##### Dataset records

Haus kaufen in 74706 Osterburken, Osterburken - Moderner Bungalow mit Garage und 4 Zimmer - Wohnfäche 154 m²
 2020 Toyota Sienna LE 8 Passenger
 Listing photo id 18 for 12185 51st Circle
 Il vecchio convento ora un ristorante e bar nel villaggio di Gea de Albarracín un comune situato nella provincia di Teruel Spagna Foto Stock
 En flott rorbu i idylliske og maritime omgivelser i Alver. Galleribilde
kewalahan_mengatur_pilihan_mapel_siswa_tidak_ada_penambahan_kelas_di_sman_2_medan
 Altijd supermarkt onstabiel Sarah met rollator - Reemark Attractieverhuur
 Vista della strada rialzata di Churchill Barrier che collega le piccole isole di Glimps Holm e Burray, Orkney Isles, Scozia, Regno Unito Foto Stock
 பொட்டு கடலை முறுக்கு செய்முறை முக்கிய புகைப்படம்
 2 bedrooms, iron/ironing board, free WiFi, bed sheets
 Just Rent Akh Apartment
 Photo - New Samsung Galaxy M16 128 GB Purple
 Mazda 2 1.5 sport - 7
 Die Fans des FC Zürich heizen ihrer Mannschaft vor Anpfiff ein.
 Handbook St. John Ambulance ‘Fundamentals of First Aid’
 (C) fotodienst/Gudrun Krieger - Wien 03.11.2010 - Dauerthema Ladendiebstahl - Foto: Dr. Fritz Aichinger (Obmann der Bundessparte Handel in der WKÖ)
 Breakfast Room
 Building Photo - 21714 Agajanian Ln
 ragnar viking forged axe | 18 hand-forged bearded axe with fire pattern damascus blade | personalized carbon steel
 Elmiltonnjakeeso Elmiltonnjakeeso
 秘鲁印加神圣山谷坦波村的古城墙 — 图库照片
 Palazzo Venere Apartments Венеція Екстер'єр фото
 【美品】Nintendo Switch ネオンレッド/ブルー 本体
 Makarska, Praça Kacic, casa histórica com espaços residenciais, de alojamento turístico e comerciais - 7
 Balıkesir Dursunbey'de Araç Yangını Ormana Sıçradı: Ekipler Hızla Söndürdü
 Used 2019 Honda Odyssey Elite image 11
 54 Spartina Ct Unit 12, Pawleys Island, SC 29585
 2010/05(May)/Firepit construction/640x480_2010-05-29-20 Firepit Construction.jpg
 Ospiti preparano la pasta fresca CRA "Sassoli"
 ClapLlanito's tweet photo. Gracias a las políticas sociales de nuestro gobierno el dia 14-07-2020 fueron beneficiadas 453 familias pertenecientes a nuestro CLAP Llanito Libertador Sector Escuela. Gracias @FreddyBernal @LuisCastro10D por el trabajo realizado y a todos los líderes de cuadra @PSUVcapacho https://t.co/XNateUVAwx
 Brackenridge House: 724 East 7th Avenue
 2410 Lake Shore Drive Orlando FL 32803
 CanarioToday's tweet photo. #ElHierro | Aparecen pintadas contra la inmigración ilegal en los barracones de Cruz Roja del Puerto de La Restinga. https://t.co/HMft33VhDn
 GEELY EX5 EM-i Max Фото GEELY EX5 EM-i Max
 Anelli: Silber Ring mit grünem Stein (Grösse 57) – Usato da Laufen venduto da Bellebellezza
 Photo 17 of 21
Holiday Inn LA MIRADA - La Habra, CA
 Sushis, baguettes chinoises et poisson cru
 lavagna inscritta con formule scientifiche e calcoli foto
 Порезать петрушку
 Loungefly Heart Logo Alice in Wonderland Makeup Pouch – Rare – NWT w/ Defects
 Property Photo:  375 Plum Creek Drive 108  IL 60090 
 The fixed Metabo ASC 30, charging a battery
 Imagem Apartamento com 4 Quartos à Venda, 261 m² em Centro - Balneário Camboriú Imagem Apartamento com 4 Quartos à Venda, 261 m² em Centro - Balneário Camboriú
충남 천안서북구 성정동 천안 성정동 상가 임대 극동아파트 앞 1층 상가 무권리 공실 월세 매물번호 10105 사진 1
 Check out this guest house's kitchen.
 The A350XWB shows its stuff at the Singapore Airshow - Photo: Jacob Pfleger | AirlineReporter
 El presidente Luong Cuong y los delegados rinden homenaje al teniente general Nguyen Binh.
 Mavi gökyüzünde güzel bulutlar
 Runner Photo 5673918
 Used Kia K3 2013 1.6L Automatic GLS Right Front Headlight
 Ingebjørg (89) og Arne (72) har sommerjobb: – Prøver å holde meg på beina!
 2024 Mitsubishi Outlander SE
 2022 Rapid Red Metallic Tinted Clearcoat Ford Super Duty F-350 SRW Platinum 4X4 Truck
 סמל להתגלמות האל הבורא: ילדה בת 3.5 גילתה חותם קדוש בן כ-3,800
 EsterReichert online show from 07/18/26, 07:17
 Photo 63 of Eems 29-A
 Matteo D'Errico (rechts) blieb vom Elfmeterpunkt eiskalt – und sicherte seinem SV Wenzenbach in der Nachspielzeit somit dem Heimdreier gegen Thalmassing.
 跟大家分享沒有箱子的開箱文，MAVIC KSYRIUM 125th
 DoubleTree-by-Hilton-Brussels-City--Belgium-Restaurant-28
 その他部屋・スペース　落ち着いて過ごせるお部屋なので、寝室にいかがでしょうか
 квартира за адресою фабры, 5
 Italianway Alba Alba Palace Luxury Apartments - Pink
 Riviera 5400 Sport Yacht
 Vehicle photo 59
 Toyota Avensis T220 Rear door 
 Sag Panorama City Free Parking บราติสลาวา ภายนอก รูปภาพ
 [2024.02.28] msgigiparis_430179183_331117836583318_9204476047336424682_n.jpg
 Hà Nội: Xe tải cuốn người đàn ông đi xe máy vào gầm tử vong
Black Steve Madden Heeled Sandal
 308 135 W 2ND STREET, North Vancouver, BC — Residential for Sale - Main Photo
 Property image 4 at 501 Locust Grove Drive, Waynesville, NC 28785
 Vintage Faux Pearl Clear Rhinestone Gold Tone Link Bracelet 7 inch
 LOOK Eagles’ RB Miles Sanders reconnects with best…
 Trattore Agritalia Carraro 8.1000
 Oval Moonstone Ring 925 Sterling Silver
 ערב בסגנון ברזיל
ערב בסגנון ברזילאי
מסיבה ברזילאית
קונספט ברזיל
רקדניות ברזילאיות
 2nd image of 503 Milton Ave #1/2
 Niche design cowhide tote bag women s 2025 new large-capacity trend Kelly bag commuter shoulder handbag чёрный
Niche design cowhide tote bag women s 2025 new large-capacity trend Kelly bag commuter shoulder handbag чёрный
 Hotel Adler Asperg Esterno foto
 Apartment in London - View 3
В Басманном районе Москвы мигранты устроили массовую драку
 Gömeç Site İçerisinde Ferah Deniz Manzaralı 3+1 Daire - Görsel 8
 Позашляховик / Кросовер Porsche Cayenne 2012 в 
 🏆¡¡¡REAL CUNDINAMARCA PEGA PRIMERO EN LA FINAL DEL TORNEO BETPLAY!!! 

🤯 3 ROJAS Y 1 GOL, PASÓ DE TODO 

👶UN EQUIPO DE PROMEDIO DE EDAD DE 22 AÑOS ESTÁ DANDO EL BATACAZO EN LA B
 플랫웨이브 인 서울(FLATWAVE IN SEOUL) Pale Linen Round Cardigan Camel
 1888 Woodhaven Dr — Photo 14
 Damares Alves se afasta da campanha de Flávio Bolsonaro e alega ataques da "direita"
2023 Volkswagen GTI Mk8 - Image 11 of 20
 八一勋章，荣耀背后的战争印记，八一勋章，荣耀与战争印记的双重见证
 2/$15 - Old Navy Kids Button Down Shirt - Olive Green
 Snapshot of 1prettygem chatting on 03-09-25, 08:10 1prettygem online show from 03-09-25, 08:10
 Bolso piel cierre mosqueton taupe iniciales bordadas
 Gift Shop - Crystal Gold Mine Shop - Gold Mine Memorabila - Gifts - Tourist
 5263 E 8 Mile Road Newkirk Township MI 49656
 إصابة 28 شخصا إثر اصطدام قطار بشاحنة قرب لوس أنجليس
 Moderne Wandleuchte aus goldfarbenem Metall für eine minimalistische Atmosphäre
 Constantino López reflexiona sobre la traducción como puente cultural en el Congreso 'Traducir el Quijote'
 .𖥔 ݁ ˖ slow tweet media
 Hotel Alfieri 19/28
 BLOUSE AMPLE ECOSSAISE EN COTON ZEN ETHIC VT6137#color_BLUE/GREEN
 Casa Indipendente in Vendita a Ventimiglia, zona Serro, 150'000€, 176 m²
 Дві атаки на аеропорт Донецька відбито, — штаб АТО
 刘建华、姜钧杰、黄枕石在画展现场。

##########

**Problem requirements:**
In the listing, return each line containing the string "בסגנון".

**Task output:**
 ערב בסגנון ברזיל
ערב בסגנון ברזילאי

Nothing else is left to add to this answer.